Could you restate every entry word for word, minus the pictures?

[Extracted data entries]
[Start of Attachment]

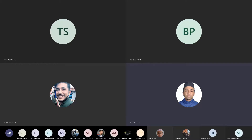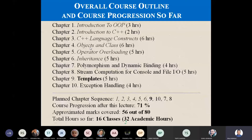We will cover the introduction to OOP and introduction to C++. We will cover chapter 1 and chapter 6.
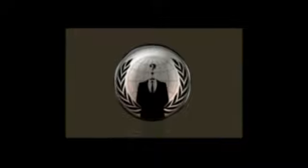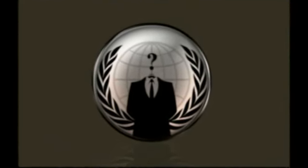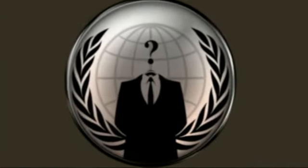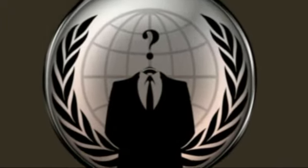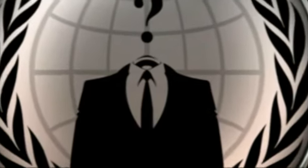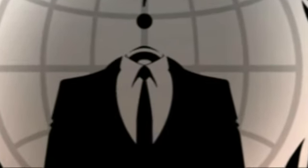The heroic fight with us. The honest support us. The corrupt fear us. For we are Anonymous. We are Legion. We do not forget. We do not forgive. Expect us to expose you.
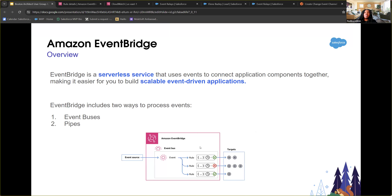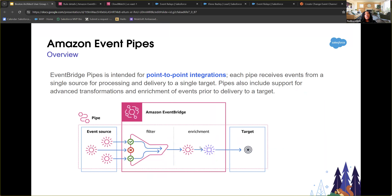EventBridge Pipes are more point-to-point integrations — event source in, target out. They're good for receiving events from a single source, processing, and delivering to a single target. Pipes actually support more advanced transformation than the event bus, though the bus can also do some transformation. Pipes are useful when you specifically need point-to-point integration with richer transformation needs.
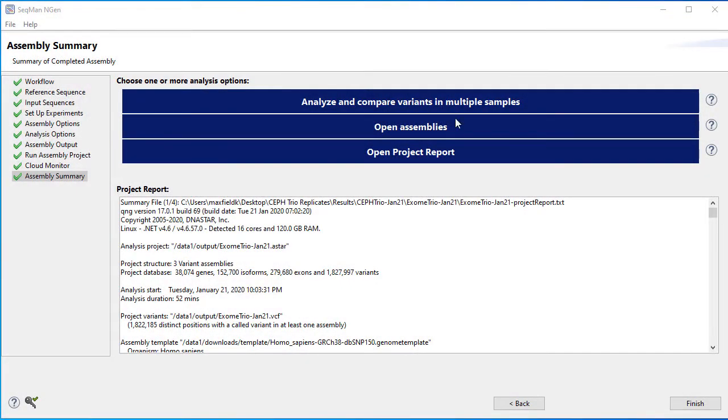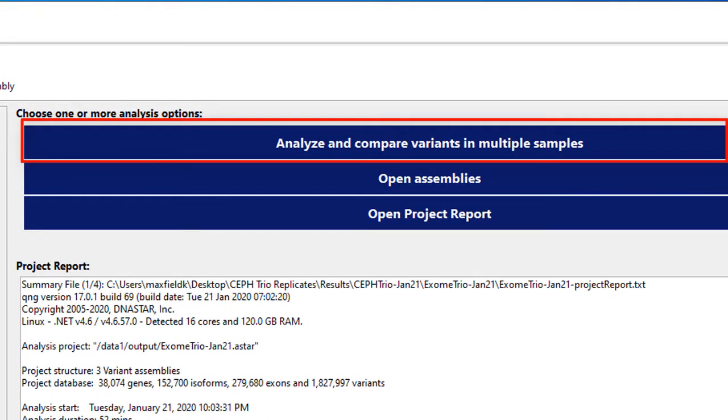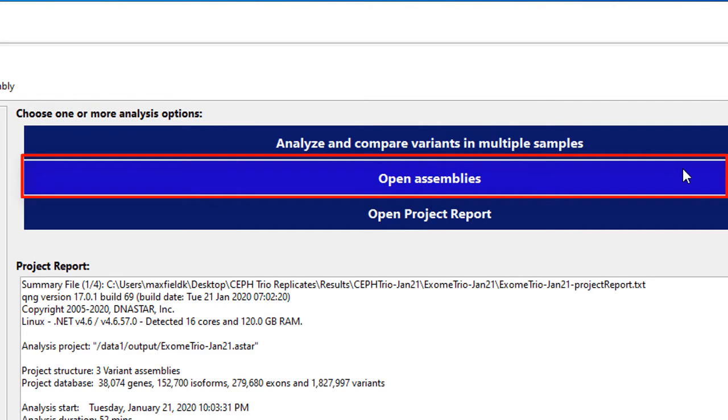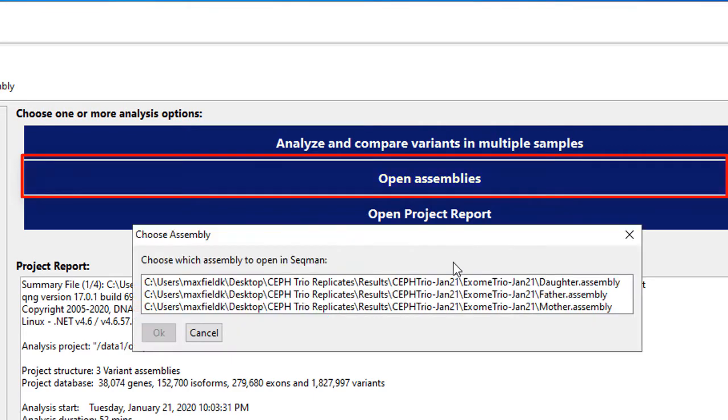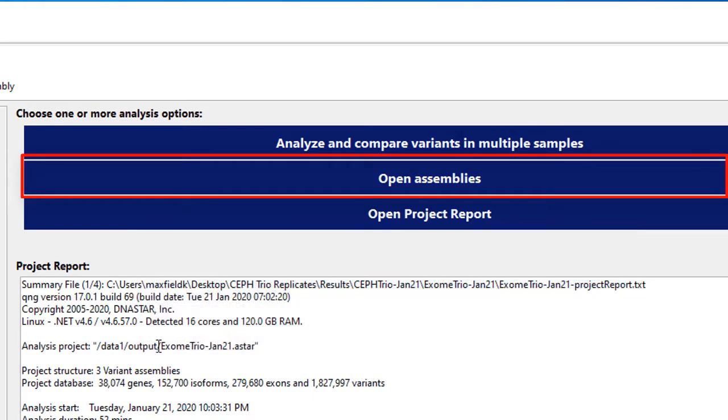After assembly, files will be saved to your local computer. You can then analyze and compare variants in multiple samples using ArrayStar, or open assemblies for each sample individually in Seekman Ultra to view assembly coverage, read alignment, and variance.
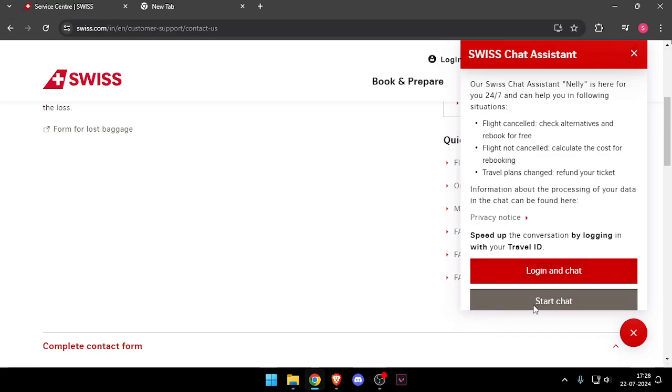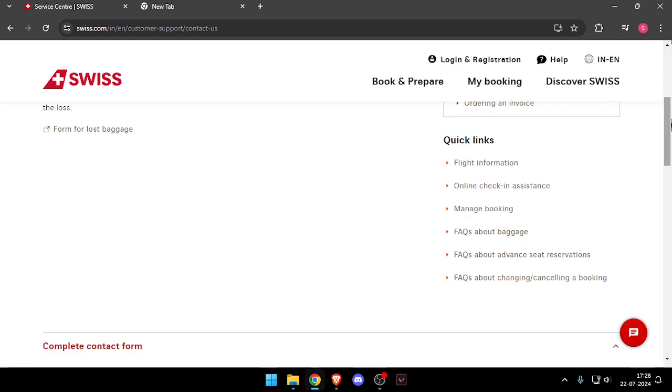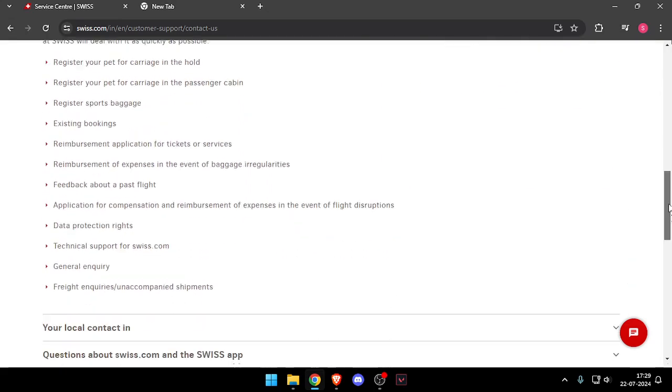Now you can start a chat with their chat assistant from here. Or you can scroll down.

[End of Attachment]

**Output**
We will cover the introduction to OOP and introduction to C++. We will cover chapter 1 and chapter 6.
The heroic fight with us. The honest support us. The corrupt fear us. For we are Anonymous. We are Legion. We do not forget. We do not forgive. Expect us to expose you.
EventBridge Pipes are more point-to-point integrations — event source in, target out. They're good for receiving events from a single source, processing, and delivering to a single target. Pipes actually support more advanced transformation than the event bus, though the bus can also do some transformation. Pipes are useful when you specifically need point-to-point integration with richer transformation needs.
After assembly, files will be saved to your local computer. You can then analyze and compare variants in multiple samples using ArrayStar, or open assemblies for each sample individually in Seekman Ultra to view assembly coverage, read alignment, and variance.
Now you can start a chat with their chat assistant from here. Or you can scroll down.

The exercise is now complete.